Dazz’s Core Differentiators

• Data Correlation and Root Cause Analysis – Dazz excels at normalizing and correlating data from different development, infrastructure, and security tooling.
• Remediation Guidance and fixes – Dazz gives developers insights into security issues, recommended fixes, and actions to fast track remediation.

Unified Remediation & ASPM

Dazz integrates seamlessly with leading CNAPP platforms and contextualizes them further with additional context from development, application security testing (AST), and other tools.

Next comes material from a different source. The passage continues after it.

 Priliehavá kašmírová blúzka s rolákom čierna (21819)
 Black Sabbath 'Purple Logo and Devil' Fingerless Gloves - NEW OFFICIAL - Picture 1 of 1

Root Cause Analysis: Fixing What Matters

Dazz’s advanced root cause analysis capabilities help organizations address vulnerabilities efficiently.

Concluding Thoughts

We believe the conversation around CNAPP will continue to evolve over the next few years, and the goal of this report was to help frame those future developments.

Moving forward, we believe there are some critical questions for the industry.

1. Are security teams truly ready to move beyond “just visibility?”
2. Can you make a UX for developers and the SOC in the same platform?
3. Lastly, the discussion around platform consolidation continues to evolve.

Ultimately, the vendors that solve these questions for customers will continue to win the market.